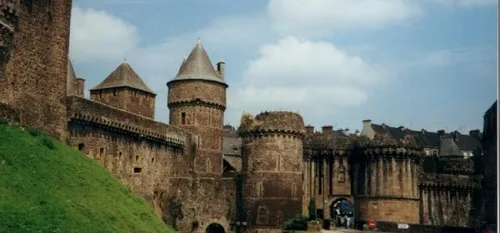 Midi en France pose ses cam&eacute;ras &agrave; Foug&egrave;res 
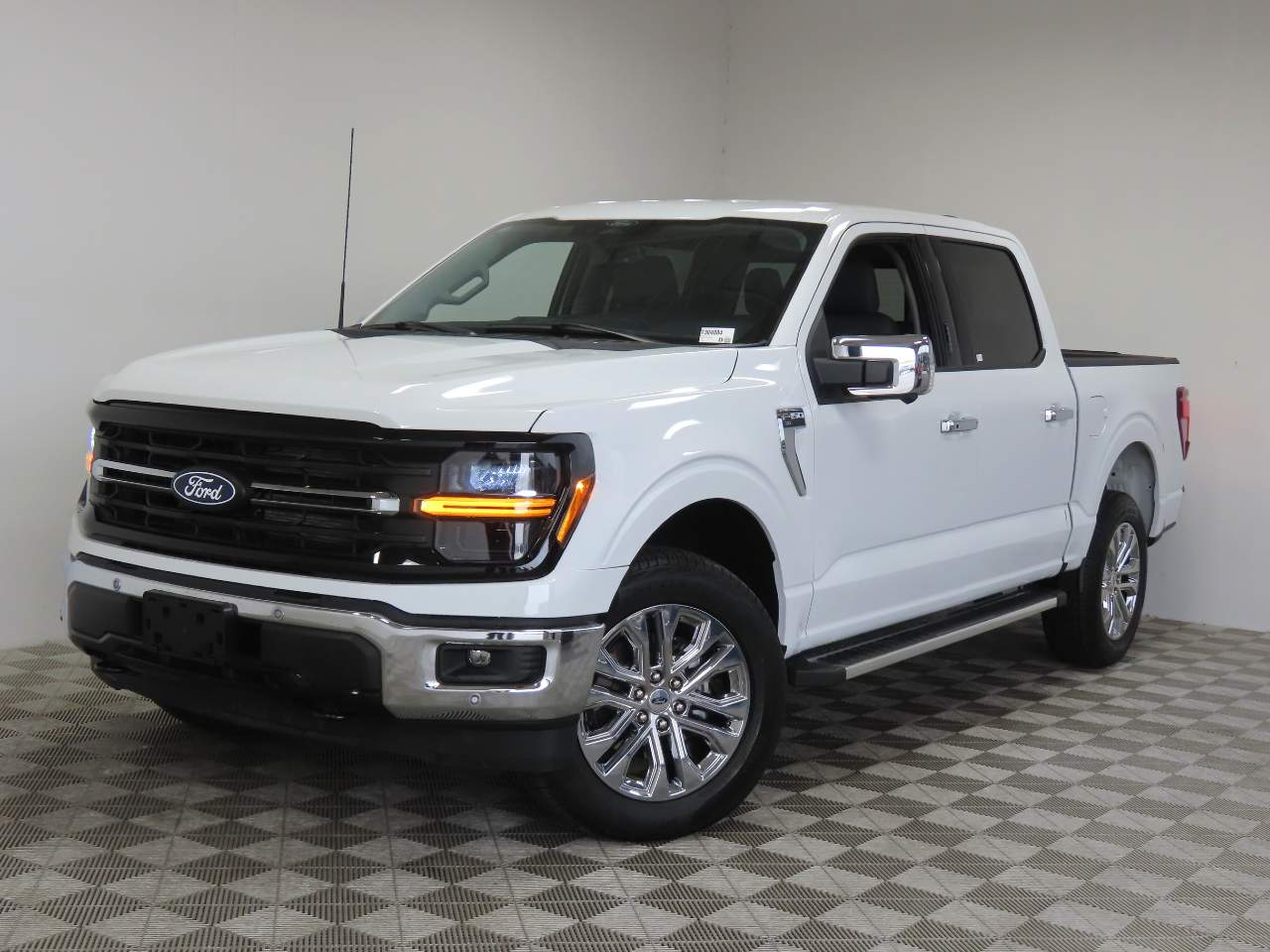 2024 Ford F-150 XLT Crew Cab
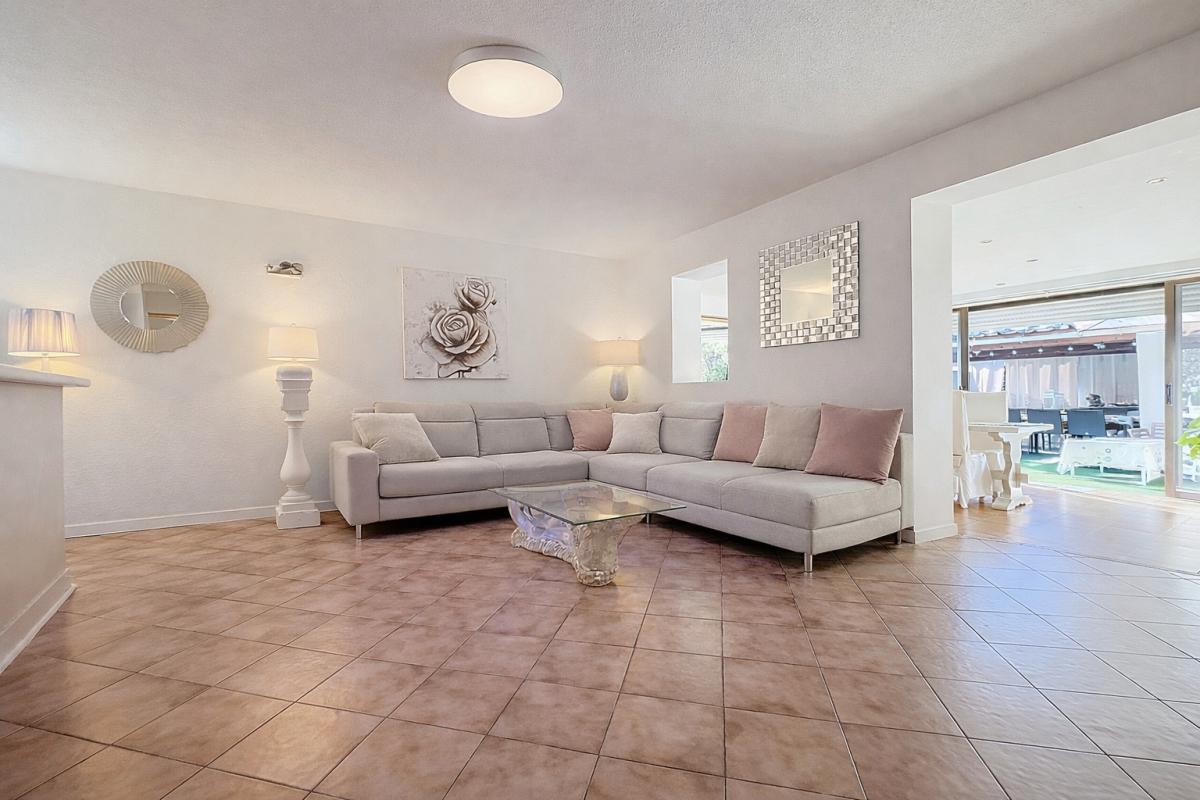 MOUANS-SARTOUX Maison 5 pièces avec jardin Mouans-Sartoux, secteur résidentiel 2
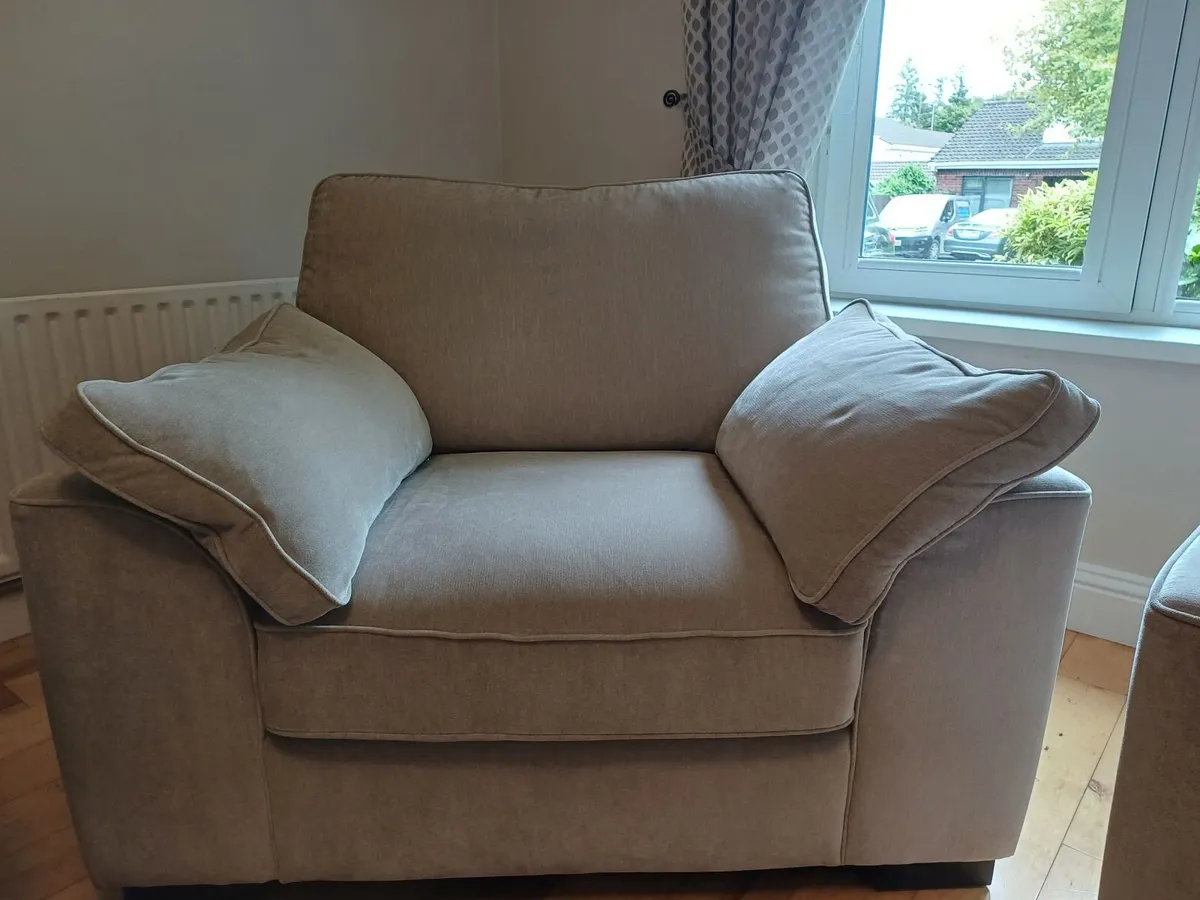 Sofa - 3 seater - and 2 armchairs for sale - Image 4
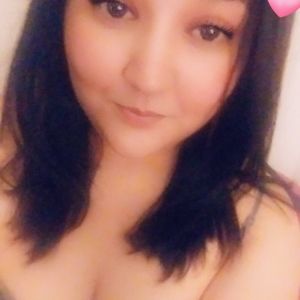 Meet your Posher, Esmeralda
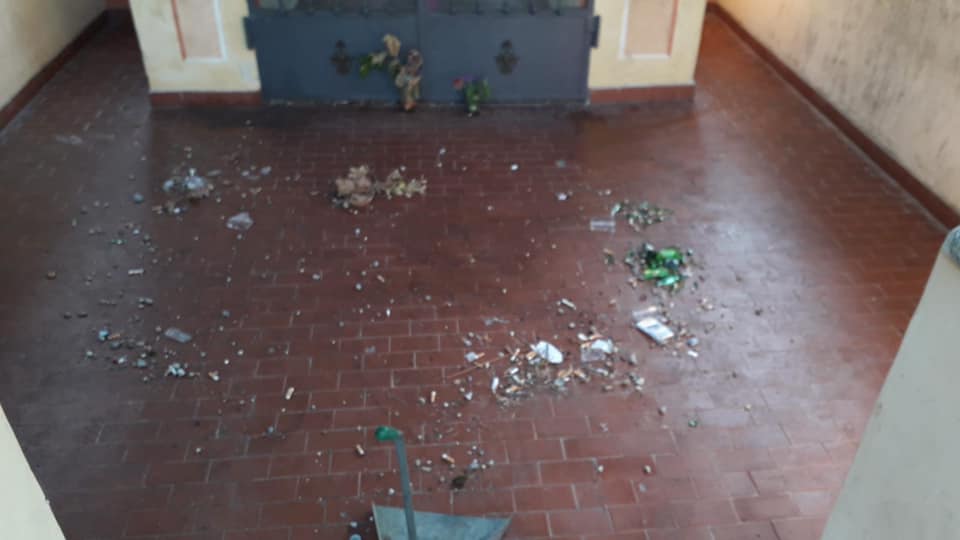 Gudo, identificati i vandali del cimitero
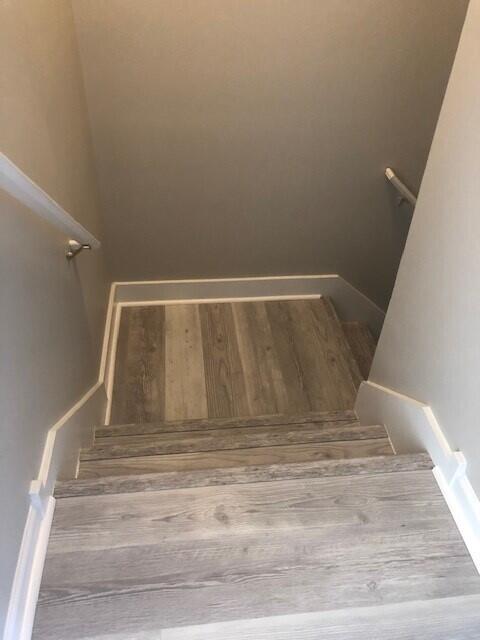 ROLLING PINES - Residential Lease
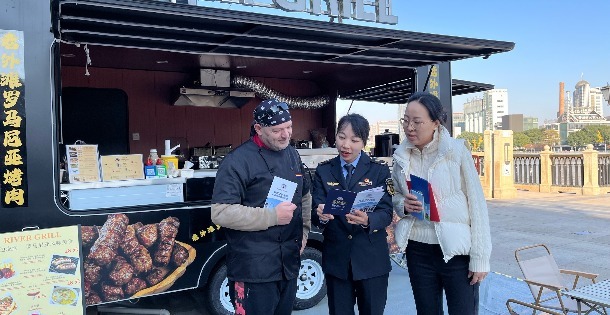 新年新“语”法！江北外滩女子分队推中英双语普法 打造国际化街区治理新气象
= = = = =
## REQUIREMENT
Up to and including the last line of the listing, starting at the line with "Meet your Posher, Esmeralda", extract every line exactly and leave out the pictures.

## SOLUTION FOR THIS PROBLEM
 Meet your Posher, Esmeralda
 Gudo, identificati i vandali del cimitero
 ROLLING PINES - Residential Lease
 新年新“语”法！江北外滩女子分队推中英双语普法 打造国际化街区治理新气象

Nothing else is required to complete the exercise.